TELUKJAMBE BARAT, RAKA – Potensi ekonomi kreatif di Desa Parungsari, Kecamatan Telukjambe Barat, sebenarnya cukup menjanjikan. Tangan-tangan kreatif warga desa tersebut menghasilkan berbagai macam furnitur berbahan bambu. “Di sini mungkin ada lebih dari 100 perajin bambu, terutama di dusun 1 mulai dari RT 1, RT 2 sampai RT 3,” ujar Manap (42) salah satu warga RT 01 yang juga menekuni kerajinan bambu sejak 2009.
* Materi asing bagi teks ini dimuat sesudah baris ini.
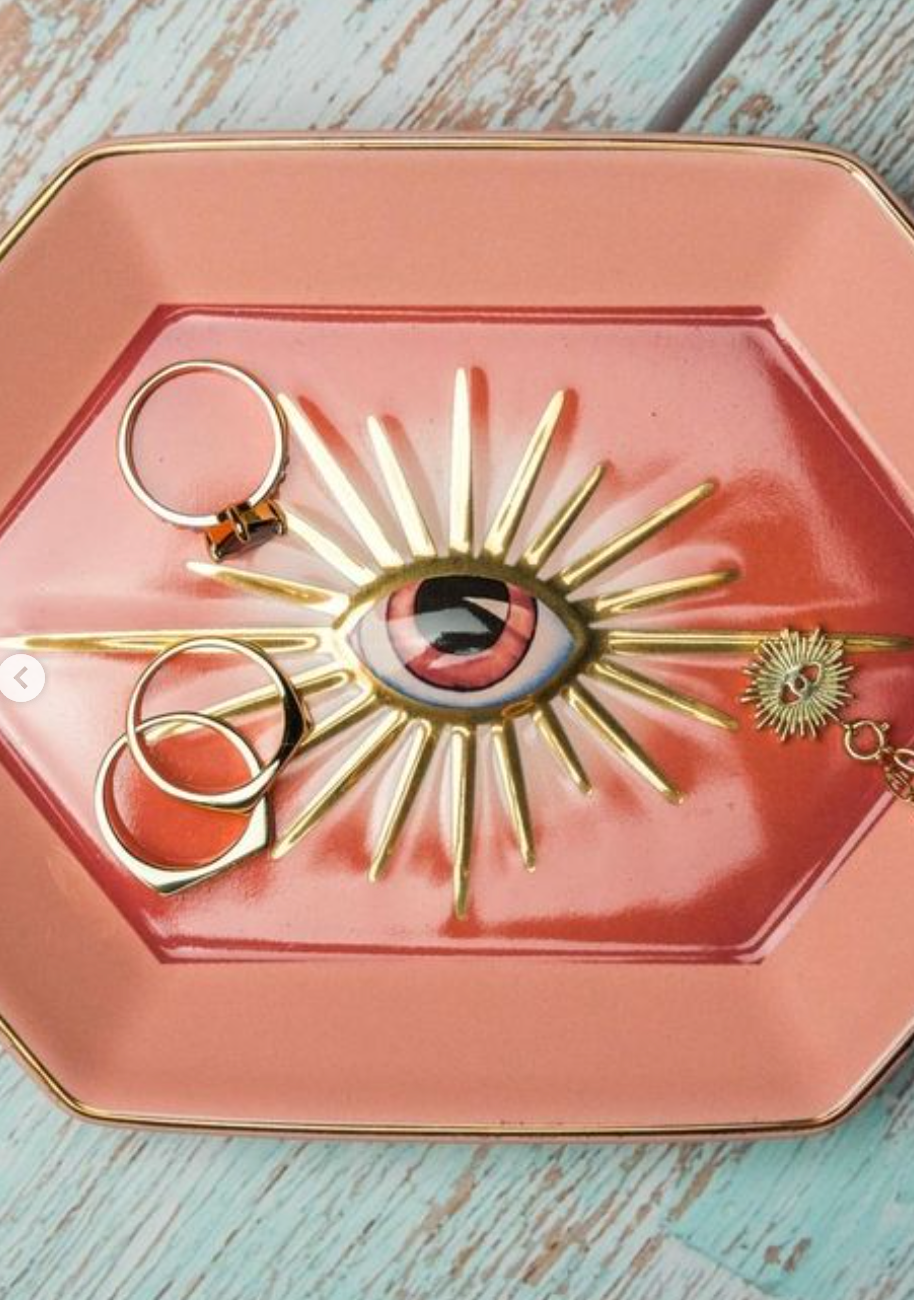 another close up view of the pink eye trinket dish holding jewelry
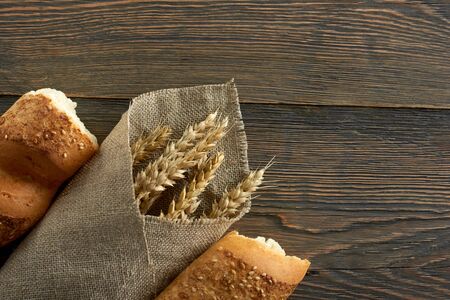 Fresh bread on wooden worktop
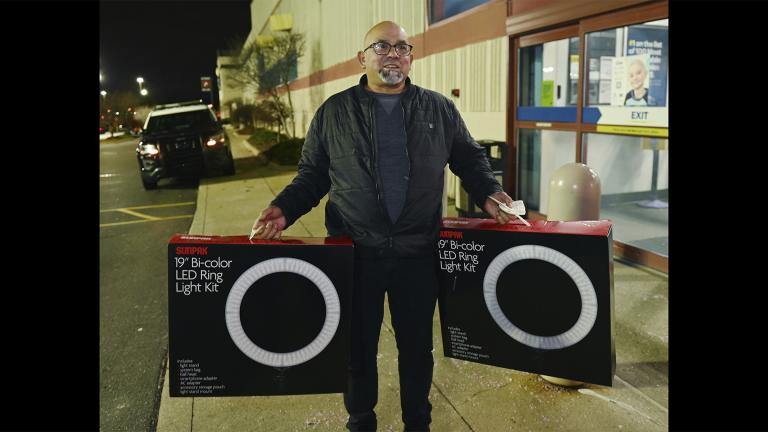 Daniel Ramon, 55, of Livonia, talks about his purchase of led lights for his daughters outside the Best Buy store in Novi, Mich., on Friday, Nov. 26, 2021. (Clarence Tabb, Jr. / Detroit News via AP) Daniel Ramon, 55, of Livonia, talks about his purchase of led lights for his daughters outside the Best Buy store in Novi, Mich., on Friday, Nov. 26, 2021. (Clarence Tabb, Jr. / Detroit News via AP)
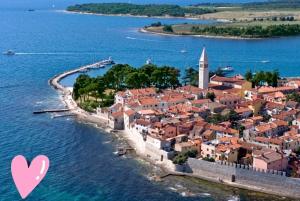 an island in the middle of the water with a pink heart at Sončen apartma Novigrad in Novigrad Istria +7 photos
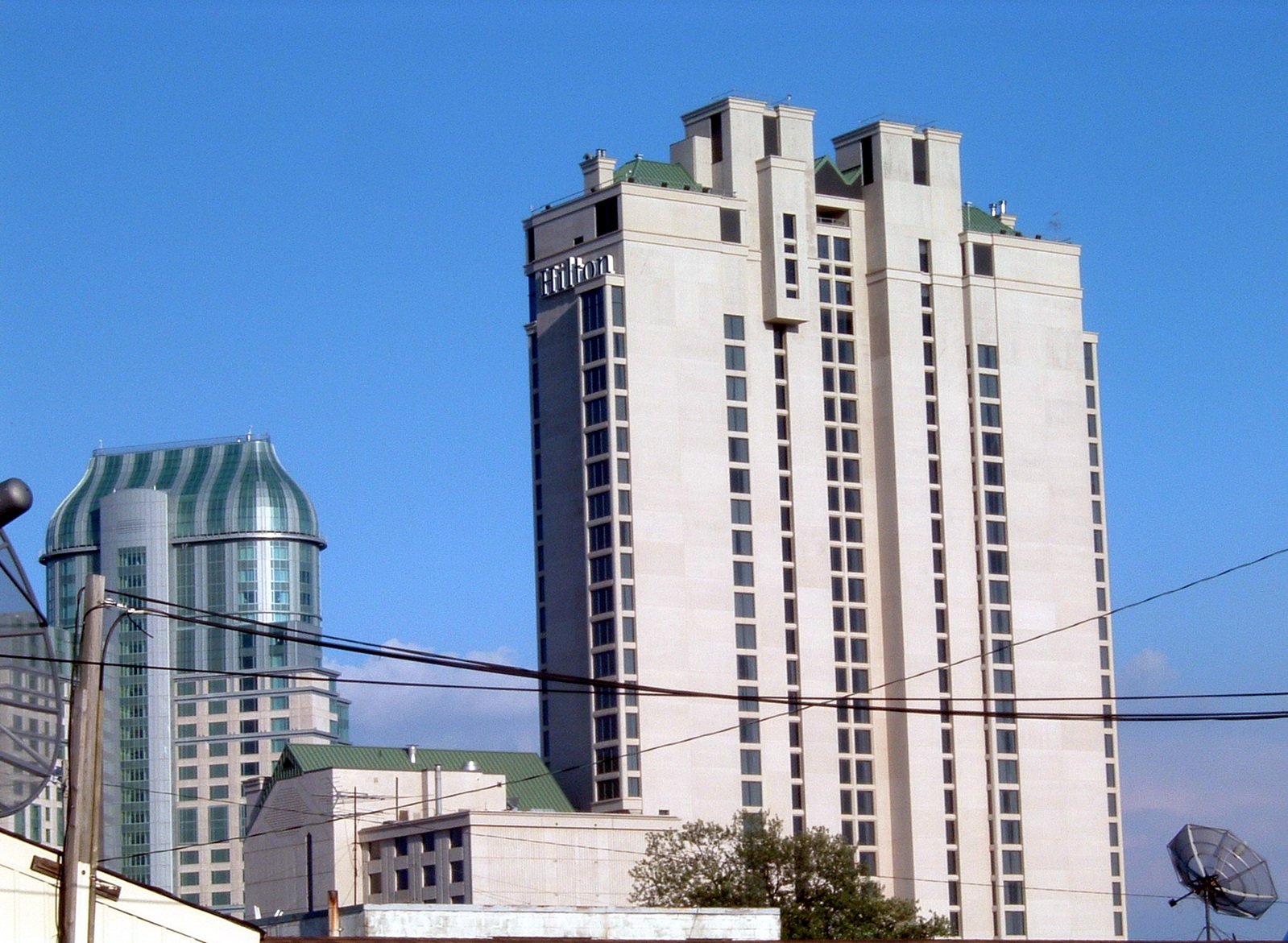 this large high rise building is located near other buildings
Manap mengatakan, para perajin bambu di desanya didominasi oleh orang dewasa yang sudah berusia lanjut untuk mengisi waktu senggang. Kendala yang mereka hadapi adalah pemasaran hasil kerajinan, selama ini mereka menjajakan sendiri dengan berkeliling ke berbagai tempat dengan sepeda motor. Mereka tidak begitu mengerti teknologi, sedangkan anak muda cenderung lebih memilih kerja di pabrik, hanya segelintir yang berinisiatif memasarkan secara online. “Saya juga kan jualan bambu untuk para perajin, kalau gak ada yang beli ya saya bikin sendiri. Terus kalau sudah jadi bangku gak ada tukang ngider (berkeliling) yang mau ambil, ya saya sendiri yang ngider,” tambahnya.
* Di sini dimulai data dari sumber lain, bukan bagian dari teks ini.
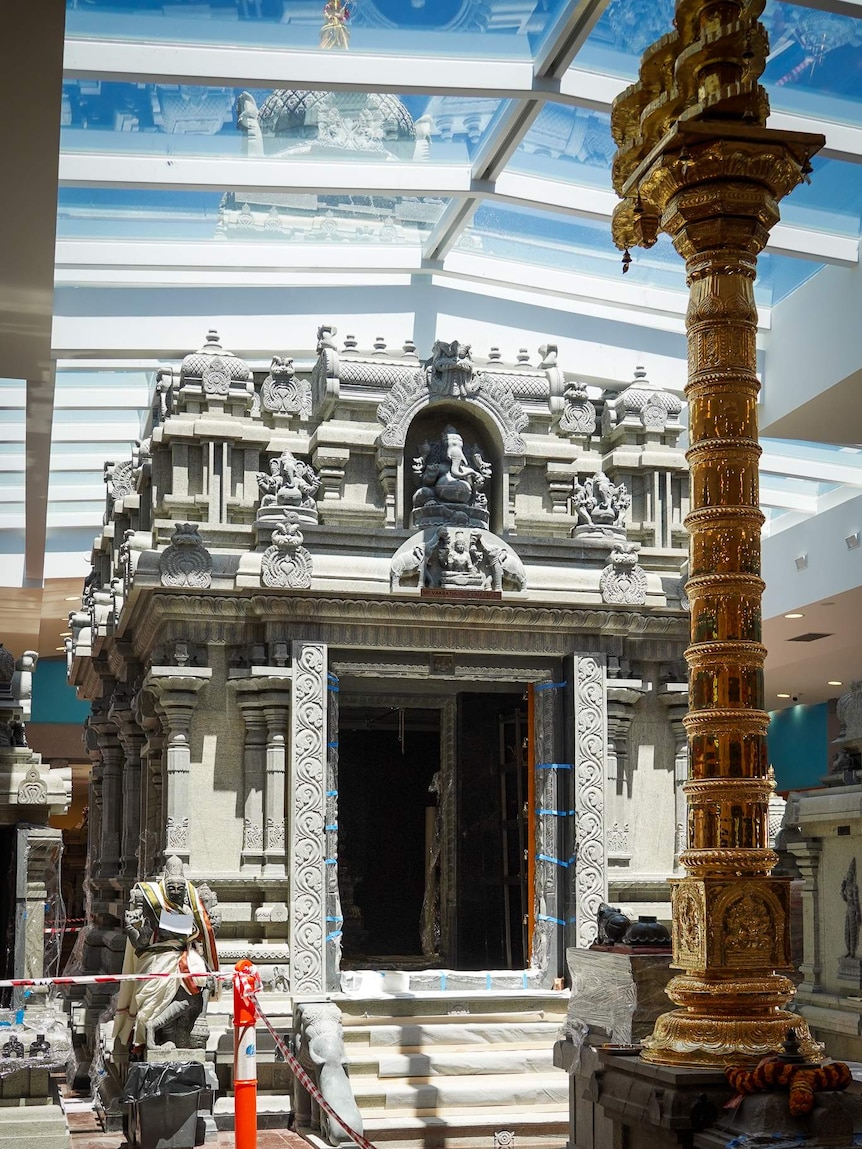 A decorative Hindu granite shrine sits inside a temple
Perajin lainnya, Ikam Nurzeha (40) memaparkan, kerajinan yang biasa dibuat olehnya adalah kursi, meja, dan dipan bambu. setiap satu furnitur tersebut membutuhkan tiga sampai empat batang bambu, adapun dalam sehari hanya bisa mengerjakan dua furnitur. Furnitur tersebut dijual kepada para pedagang dengan harga Rp100 ribu per buah. “Yang berkeliling orang sini juga, dijual ke luar desa,” terangnya.
Ia menuturkan, kerajinan yang dibuat sehari-hari adalah kerajinan paling standar tanpa adanya motif. Sebenarnya dia bisa saja membuat dengan berbagai motif, model dan perpaduan bahan dengan rotan tapi resikonya kerajinan tersebut akan sulit terjual. Harganya akan cenderung lebih mahal karena memang prosesnya yang lebih rumit. Harga mahal inilah yang membuat para pedagang tidak berani menjajakannya. Kerajinan dengan motif atau model tertentu hanya dibuat jika ada pesanan langsung, beberapa pemesan datang dari luar kota namun itupun terbilang jarang. “Mentok dimodal juga, buat bambu tuh kadang-kadang kita gak ada uang buat belinya. terus kalau kita bikin yang aneh-aneh, agak beda lah pasti mentok di pemasaran, jadi bikin yang biasa-biasa aja lah,” pungkasnya. (cr5)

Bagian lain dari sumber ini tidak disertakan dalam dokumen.